Federal court asks Illinois Supreme Court for biometrics rulingPosted On: Dec. 21, 2021 2:39 PM CST
A federal appeals court said Monday that the Illinois Supreme Court should decide whether violations under the state’s biometric law occur each time an illegal biometric scan is performed, in a case that will determine businesses’ potential liability under the law.
The putative class action before the 7th U.S. Circuit Court of Appeals in Chicago, Latrina Cothron v. White Castle System Inc., was filed by a manager of an Illinois White Castle restaurant, who charged the chain with violating the 2008 Illinois Biometric Information Privacy Act .
BIPA requires businesses that store biometric information to inform the subject in writing that the data is being collected or stored and the purpose and duration for which it is being collected, and also that they obtain the subject’s written consent.
Ms. Cothron argued that every unauthorized fingerprint scan amounted to a separate violation of the statute, so that a new claim accrued with every scan. The U.S. District Court in Chicago ruled in Ms.
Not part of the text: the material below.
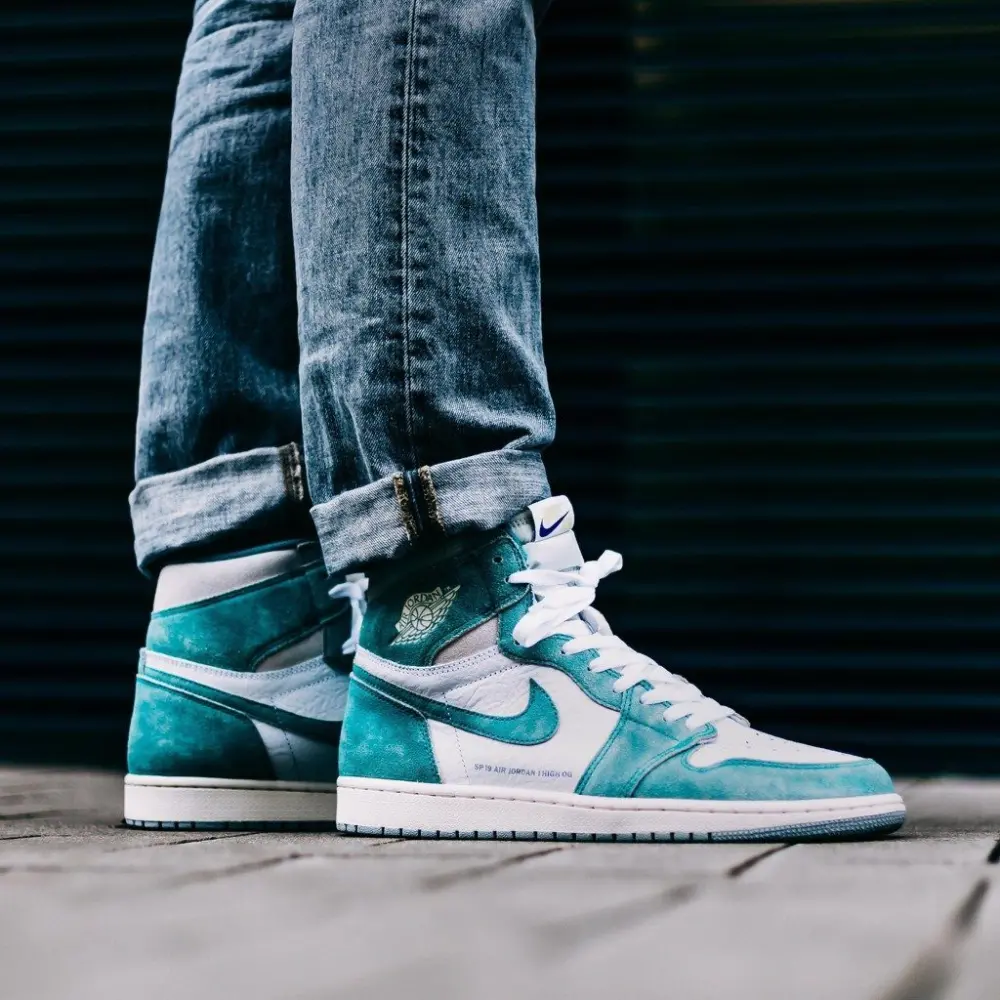 Alternative view of Giày Nike Air Jordan 1 Retro High OG 'Turbo Green' 555088-311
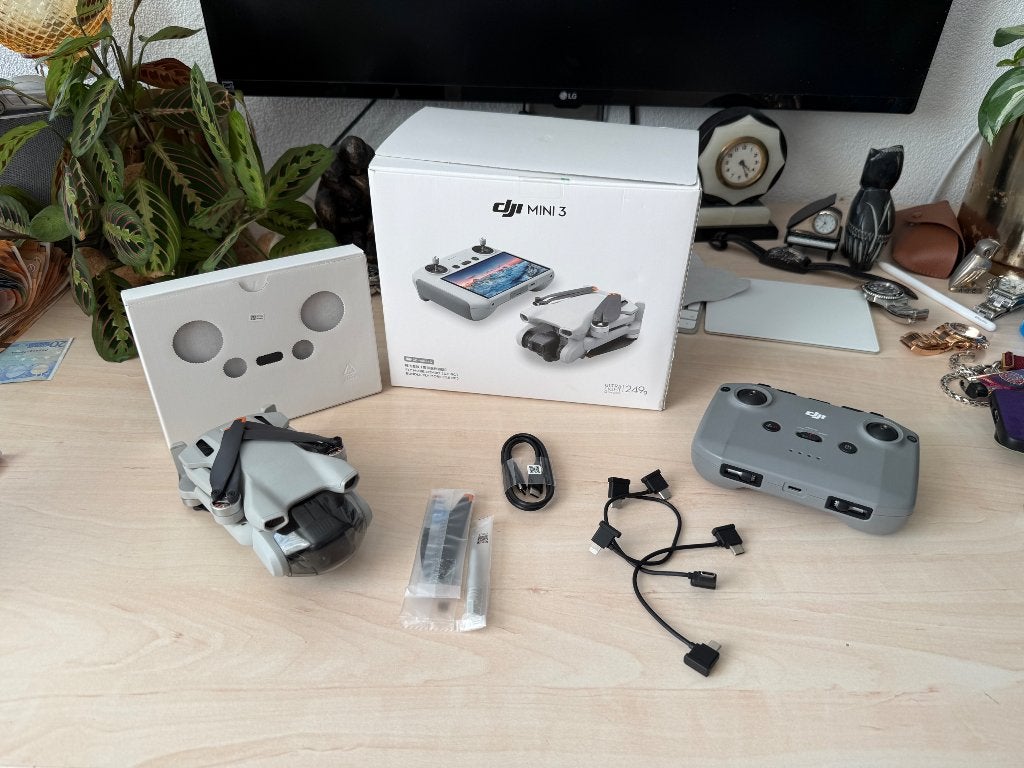 DJI mini 3 drone + afstandsbediening, Ophalen of Verzenden, Zo goed als nieuw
Cothron’s favor in the case in August 2020.
White Castle argued that only the first scan mattered for accrual purposes, and because her initial scan occurred in 2008, or more than a decade before she had filed suit, it was therefore beyond the statute of limitations.
“The disagreement, framed differently, is whether the Act should be treated like a junk-fax statute for which a claim accrues for each unsolicited fax … or instead like certain privacy and reputational torts that occur only at the initial publication of defamatory material,” the appeals court said.
In Monday’s ruling the three-judge appeals court panel provided three reasons why the issue should be decided by the Illinois Supreme Court: There is uncertainty as to how state law applies; the legal question is “general and likely to recur” and the Act is a “unique Illinois statute regularly applied by the federal courts.”
Attorneys in the case did not respond to requests for comment.
A U.S. District Court in Peoria, Illinois, held in October that a policyholder is owed coverage under an employment practices liability policy for litigation filed under BIPA.